Firefighters battle a fire at Notre-Dame de Paris cathedral on April 15, 2019.
On Parker’s desktop monitors, one will see any number of tools in action: a TweetDeck dashboard, RSS feeds, and keyword-based alerts from newswires. He also follows more than 3,100 accounts on Twitter. Even with such varied feeds in motion at any given moment, in the past, he ran the risk of missing a story every time he stepped away from his desk.
That is because an array of other sources still would capture only the biggest stories—and usually only after the news wires had already reported on them. Valuable information from people with small social media followings, such as the music student in Paris, was virtually impossible to find by hand--until he and his colleagues started using Dataminr.
“[We think of] Dataminr as sort of a safety net,” Parker said. “We know that if there’s a big story happening and we haven’t seen it, we will see it from Dataminr in some form.
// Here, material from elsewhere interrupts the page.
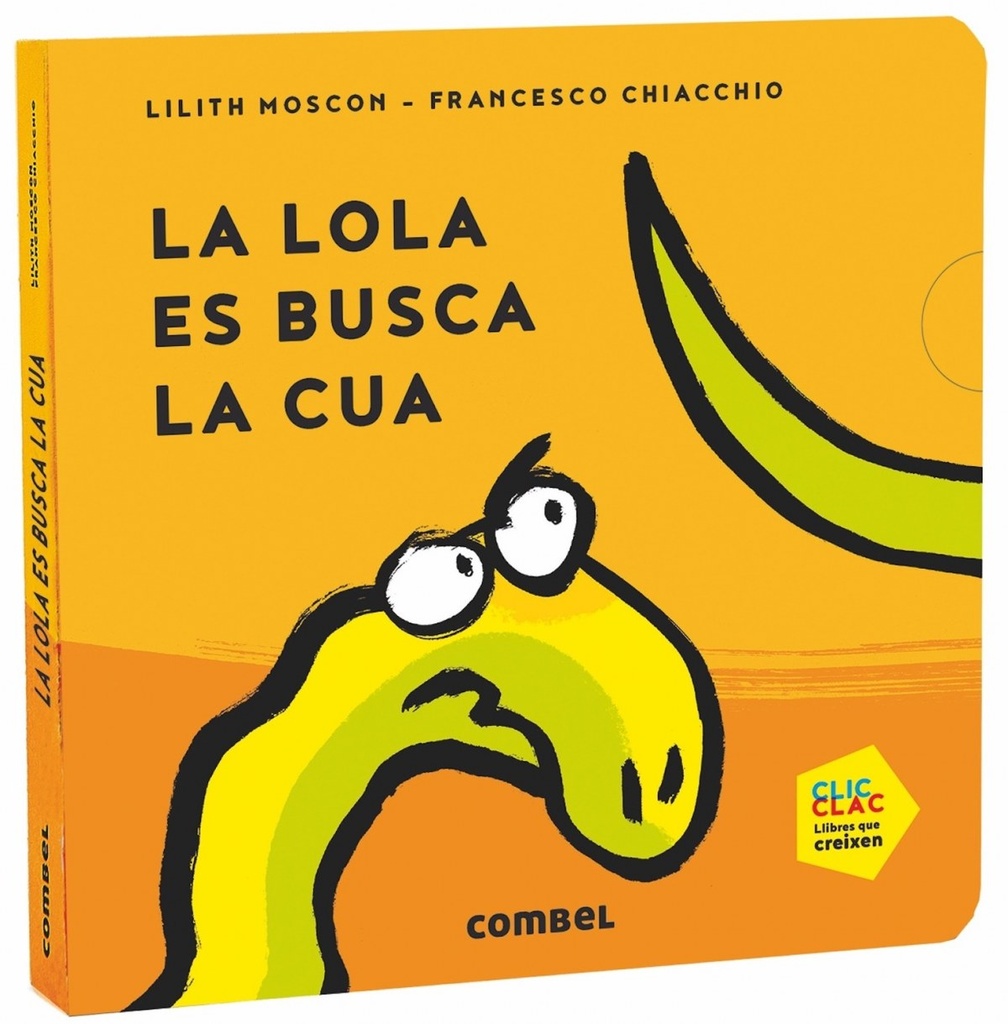 [9788491014669] La Lola Es Busca la Cua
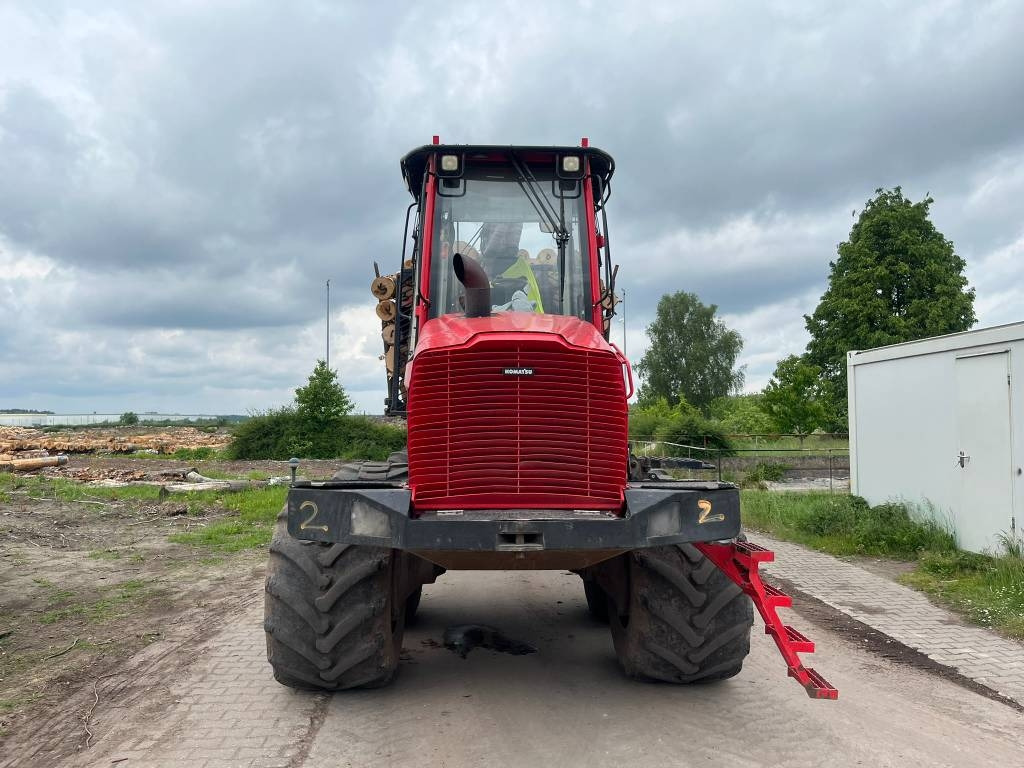 Komatsu 845 - Prevoznik: slika 2 Komatsu 845 - Prevoznik: slika 2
And if I don’t see it on my Dataminr [dashboard], we know somebody else in the newsroom on Dataminr will.”
Dataminr’s artificial intelligence platform processes billions of units of publicly available information every day, from more than 200,000 unique sources, to discover the earliest indications of breaking news around the world. It’s currently being used in more than 650 newsrooms.
Social media gives journalists a valuable window into conditions on the ground in areas of the world that are difficult for reporters to access and where English is not the primary language, such as Armenia and Azerbaijan, whose forces clashed in 2020 over the separatist territory Nagorno-Karabakh.
“We’ve seen pictures and videos that just wouldn’t be there—just wouldn’t exist—if it wasn’t for user-generated videos and user-generated pictures that allow us into those areas,” Parker said.
Dataminr for News not only helps reporters quickly find user-generated photos and videos, but also automatically translates captions and other media into English.
“It’s peace of mind knowing that we are covered worldwide for any story that may not have been picked up by people we follow on social media or on news wires,” Parker said.
"Minutes are really important to us. Really, really important,” Parker said. “In terms of actual imagery [from news wires], I think it was a fairly long time— probably tens of minutes, which in our business is quite a long time."